What is required:
Could you repeat exactly the lines from the one containing "He gave humans" through the last line of the records, with no pictures?

Stored dataset items:
■ ■ ■ ■ ■

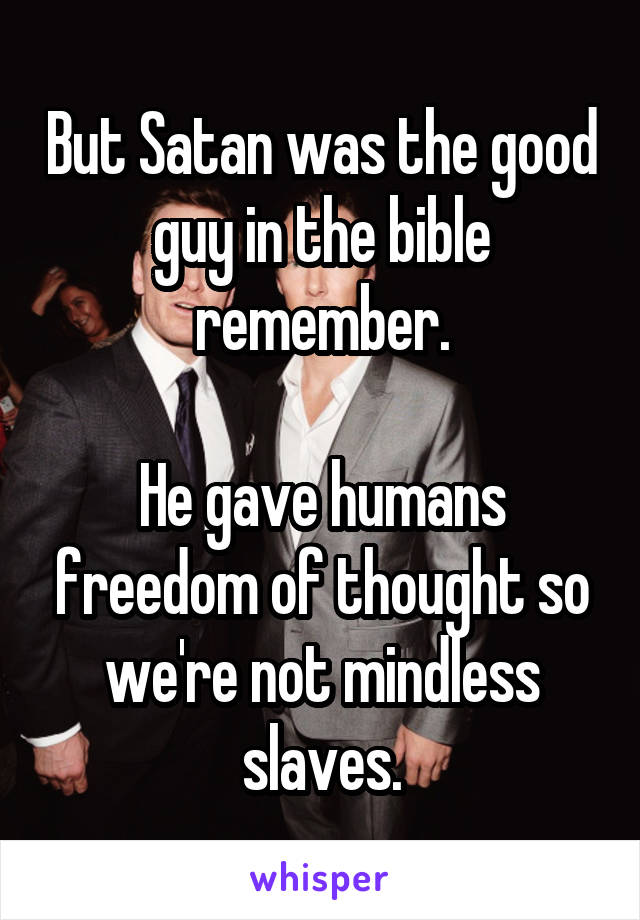 But Satan was the good guy in the bible remember.

He gave humans freedom of thought so we're not mindless slaves.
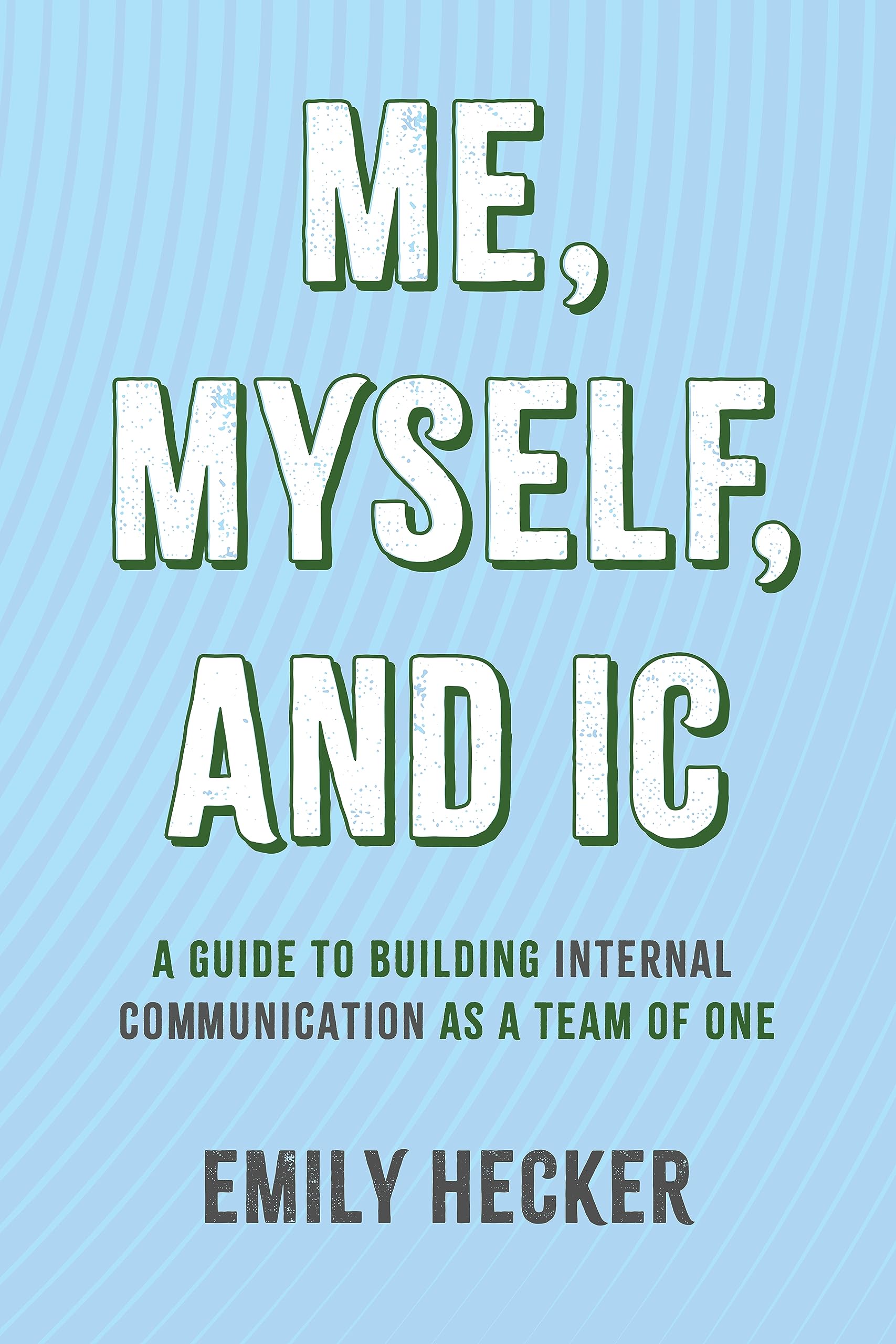 Me, Myself, and IC: A Guide to Building Internal Communication as a Team of One (Kindle Edition)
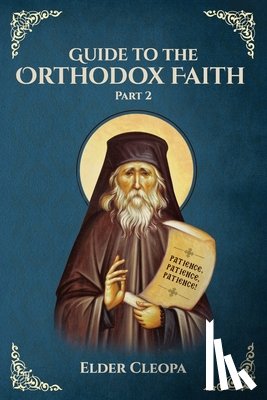 Christina, Nun, Skoubourdis, Anna, Cleopa, Elder - Guide to the Orthodox Faith Part 2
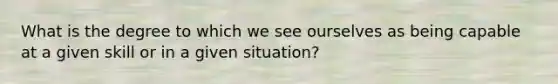 What is the degree to which we see ourselves as being capable at a given skill or in a given situation?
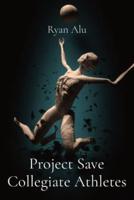 Project Save Collegiate Athletes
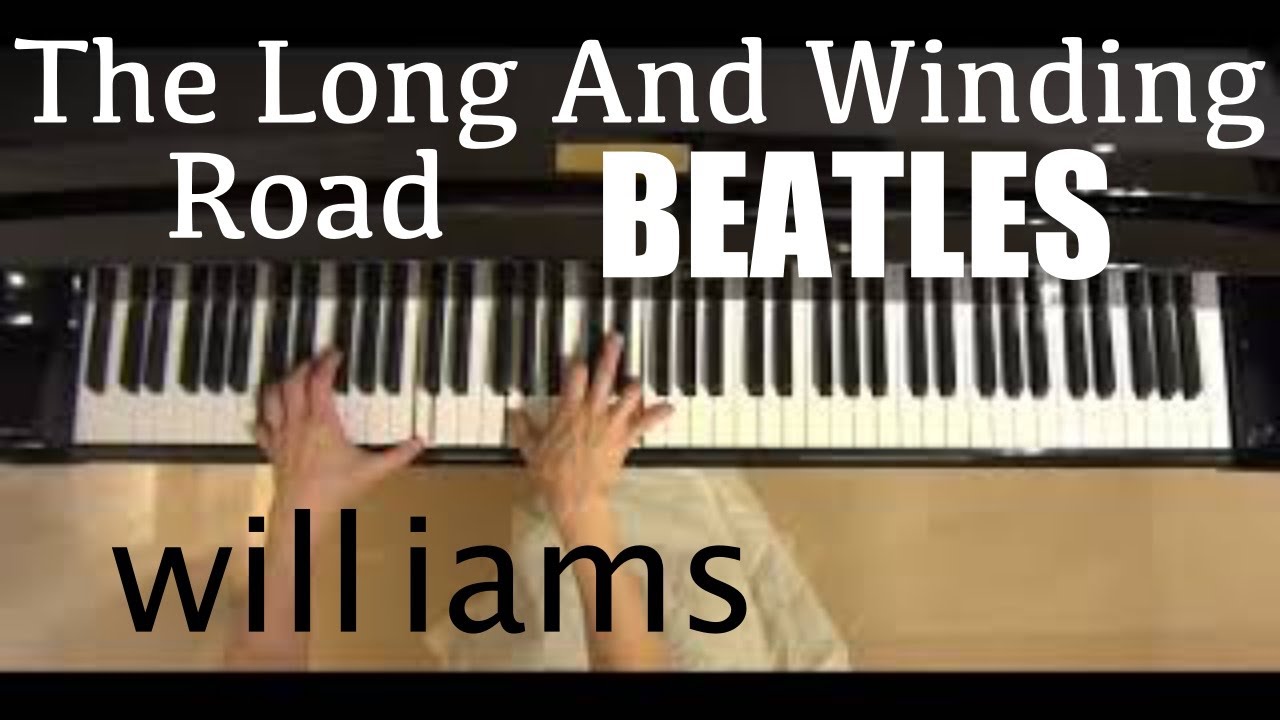 The Long And Winding Road /ビートルズ　ピアノソロ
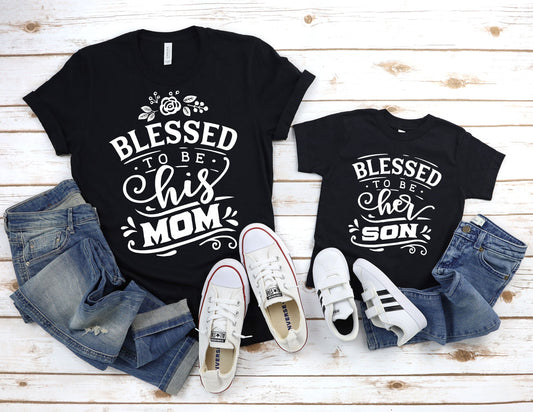 Blessed to be his Mom Unisex Matching t-shirts • Mommy and Me Shirts • Gift for Mom • Mommy and Son Shirts • Mother's Day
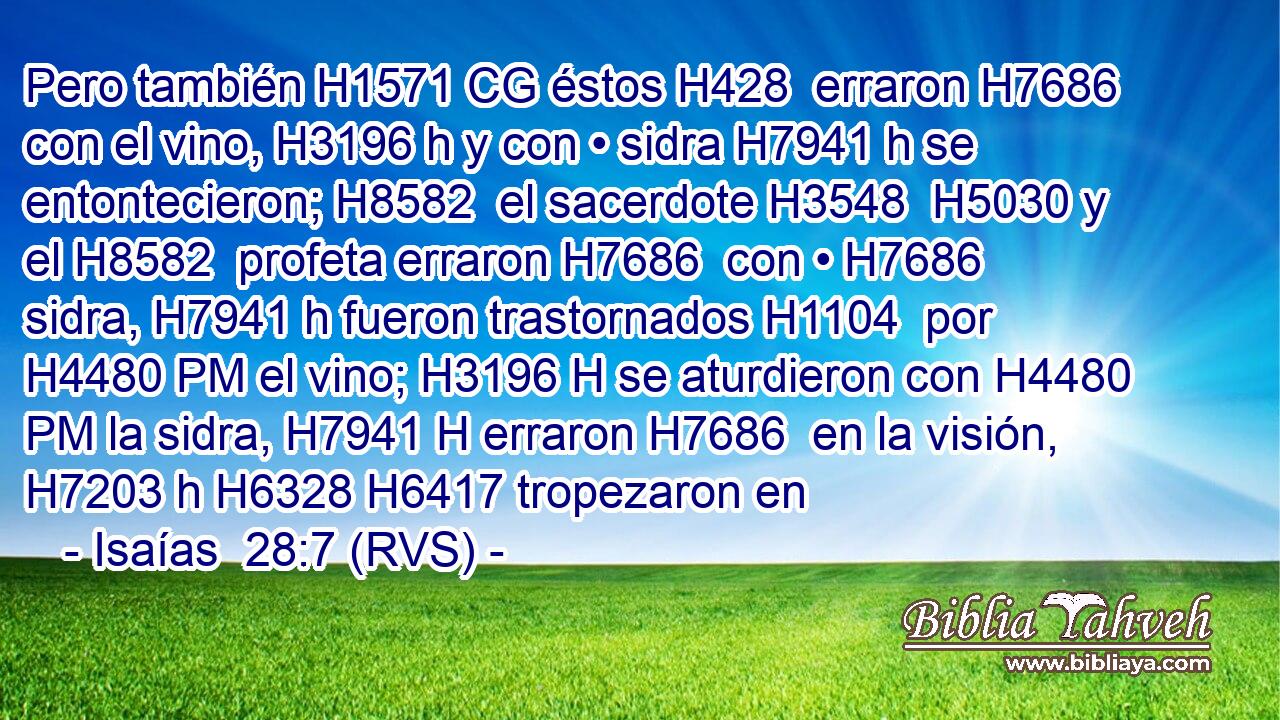 Pero también H1571 CG éstos H428  erraron H7686  con el vino, H3196 h y con • sidra H7941 h se entontecieron; H8582  el sacerdote H3548  H5030 y el H8582  profeta erraron H7686  con • H7686  sidra, H7941 h fueron trastornados H1104  por H4480 PM el vino; H3196 H se aturdieron con H4480 PM la sidra, H7941 H erraron H7686  en la visión, H7203 h H6328 H6417 tropezaron en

■ ■ ■ ■ ■

Solution:
He gave humans freedom of thought so we're not mindless slaves.
 Me, Myself, and IC: A Guide to Building Internal Communication as a Team of One (Kindle Edition)
 Christina, Nun, Skoubourdis, Anna, Cleopa, Elder - Guide to the Orthodox Faith Part 2
 What is the degree to which we see ourselves as being capable at a given skill or in a given situation?
 Project Save Collegiate Athletes
 The Long And Winding Road /ビートルズ　ピアノソロ
 Blessed to be his Mom Unisex Matching t-shirts • Mommy and Me Shirts • Gift for Mom • Mommy and Son Shirts • Mother's Day
 Pero también H1571 CG éstos H428  erraron H7686  con el vino, H3196 h y con • sidra H7941 h se entontecieron; H8582  el sacerdote H3548  H5030 y el H8582  profeta erraron H7686  con • H7686  sidra, H7941 h fueron trastornados H1104  por H4480 PM el vino; H3196 H se aturdieron con H4480 PM la sidra, H7941 H erraron H7686  en la visión, H7203 h H6328 H6417 tropezaron en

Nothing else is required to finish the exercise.